Note: Explicitly enabled SGX within BIOS has been successfully tested in operating system FreeBSD 11 running on bare metal (physical servers). It might work with BIOS option "Software Controlled" but it would require software enablement within Guest OS. I was not testing such scenario, therefore another testing would be required to prove such an assumption.
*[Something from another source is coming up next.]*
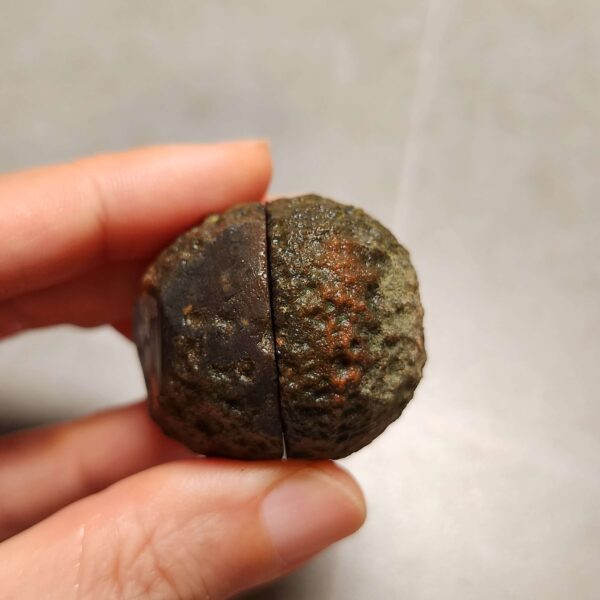 Zhanguo Red Agate Pair Stone (unpolished) ZR066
Operating system FreeBSD 11 has been tested on bare metal with enabled SGX in BIOS and in such configuration SGX CPU capabilities has been successfully identified within operating system.
SGX support in virtual machines on top of VMware Hypervisor (ESXi 6.5) has been tested solely on physical hardware with SGX explicitly enabled in BIOS. 
Unfortunately, SGX has NOT been successfully identified even on the latest VM hardware for vSphere 6.5 (VM Hardware ver 13) even the CPU capabilities identified in VM hardware 13 by Guest Operating System are significantly extended in comparison to VM hardware 4.
I will try to upgrade my home lab to the latest vSphere 6.7 U1 and do additional testing with VM hardware version 14. In the meantime, I will open discussion inside VMware organization about SGX support because, at the moment, one large VMware customer cannot virtualize a specific type of applications even they would like to.